31. List Comprehensions

List Comprehensions

List Comprehensions

In Python, you can create lists really quickly and concisely with list comprehensions. This example from earlier:

capitalized_cities = []
for city in cities:
    capitalized_cities.append(city.title())

can be reduced to:

capitalized_cities = [city.title() for city in cities]

List comprehensions allow us to create a list using a for loop in one step.

You create a list comprehension with brackets [] , including an expression to evaluate for each element in an iterable. This list comprehension above calls city.title() for each element city in cities , to create each element in the new list, capitalized_cities .

Conditionals in List Comprehensions

You can also add conditionals to list comprehensions (listcomps). After the iterable, you can use the if keyword to check a condition in each iteration.

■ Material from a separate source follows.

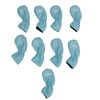 9pcs Golf Club Cover PU Leather Stylish Portable Golf Head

squares = [x**2 for x in range(9) if x % 2 == 0]

The code above sets squares equal to the list [0, 4, 16, 36, 64], as x to the power of 2 is only evaluated if x is even. If you want to add an else , you will get a syntax error doing this.

squares = [x**2 for x in range(9) if x % 2 == 0 else x + 3]

If you would like to add else , you have to move the conditionals to the beginning of the listcomp, right after the expression, like this.

squares = [x**2 if x % 2 == 0 else x + 3 for x in range(9)]

List comprehensions are not found in other languages, but are very common in Python.